Melhor parar de bla-bla-bla e buscar logo uso racional e urgente para o prédio do Centro de Eventos


Se greve, manifestação e protesto resolvessem nossas pendências com a eficiência que exigimos, imaginamos, desejamos e necessitamos, o Brasil seria um país lindo e perfeito. No entanto, parece que quanto mais se pratica isso tudo, mais complicado fica resolver. Nem tudo, convenhamos, mas no mais das vezes sim.

Principalmente greve de professores todo ano tem. Há décadas. Desde que me conheço por gente. E todo ano retorna, com as mesmíssimas reivindicações e com os mesmíssimos efeitos. Às vezes mais de uma vez, até. Ao final, só pais e alunos são sacrificados e sofrem prejuízos. E quem paga imposto pra ter o serviço, que é essencial, e não tem.

Em Balneário Camboriú, agora chegam 24 novos PMs para o nosso contingente. Notícia ótima, sem qualquer dúvida e sem reparos. Aí a gente olha ao longo do tempo e vê que, há 30 anos, tínhamos quase o dobro de efetivo do que temos hoje, com uma população da metade ou menos. Ou seja, a proporção policial-habitantes caiu barbaramente. Perdemos no relativo e no absoluto.
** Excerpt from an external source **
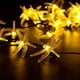 thumbnail image 4 of Luces de cadena Al aire libre Impermeable 5m Decoración de jardín Luz Luces de hadas para jardín Árbol de Navidad Césped Banquete de boda Halloween 20 luces Luz de color cálido, 4 of 4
E neste tempo todo o que mais se esbravejou, principalmente políticos, foi em favor de mais efetivo. Adiantou bulhufas. Resiliência zero. Porque os governos todos nunca deram muita pelota pra isso ou porque, em verdade, nossa força se resumiu, sempre, a vozerio sem sentido. Nem quando estivemos com o poder estadual na mão, com o governador "nosso" resolveu. Pelo contrário; foi em 2010 que perdemos mais efetivo: 23 policiais militares saíram daqui para Navegantes e Camboriú. Por coincidência, municípios governados pelo PSDB, mesmo partido do então governador. E isto não é fake news e nem fofoca de desocupado. São números. Estão lá. É só buscar na PM.

Aí esbarramos no episódio triste do Centro de Eventos. Foram pelo menos 10 anos de pires na mão pedindo ao governo uma alternativa para o turismo sazonal. E então decidiram construir, a duras penas. Levantaram o prédio com mil arranjos, demoras insondáveis, poliquices condenáveis e, finalmente, tiveram a petulância de "inaugurá-lo" várias vezes. Faziam-no sempre que algum político queria aparecer e assuntar na imprensa.

Foram outros dez anos de espera. E está ele lá, impoluto e abandonado. Sem prazo para ser ocupado.

E neste momento, é muito provável, se quisermos ser realistas, nem haverá condição de abri-lo como se anunciou. Primeiro, porque já lá atrás, antes da pandemia, ninguém se apresentou para assumi-lo, tais as absurdas exigências do edital de licitação.

Depois veio a pandemia e, pelo tempo que ainda é desconhecido dos seus efeitos, ouso dizer, sem medo: esqueçam.

Busquem logo uma outra alternativa de ocupação. Repito o que já disse outras vezes: antes que o governo do Estado, qualquer que seja seu ocupante, faça, por conveniência administrativa ou política, uma lambança com ele, longe dos nossos interesses e carências.

Vamos lamentar muito, mas mereceremos apanhar e ficar quietos por burrice.

Sugeri várias vezes e outras pessoas também o fizeram: ali pode ser, em parte, nossa rodoviária, tirando do atual local um ponto de tranqueiras do trânsito e outras inadequações. E o restante do espaço pode ser para exposições comerciais e de nossos artesãos, além de restaurantes e lanchonetes típicas ou de gastronomia étnica, como tinha o antigo Parque da Santur de, ao mesmo tempo, lindas e tristes memórias pelo seu fim melancólico. Porque, justamente, o governo do Estado fez uma lambança, vejam só.

Então, quem esteja promovendo campanhas em torno dele, como o ilustre vereador Marcelo Achutti, deixem de demagogia e vão ao centro nervoso da questão. Sejam práticos e menos políticos. Parem de bla-bla-bla.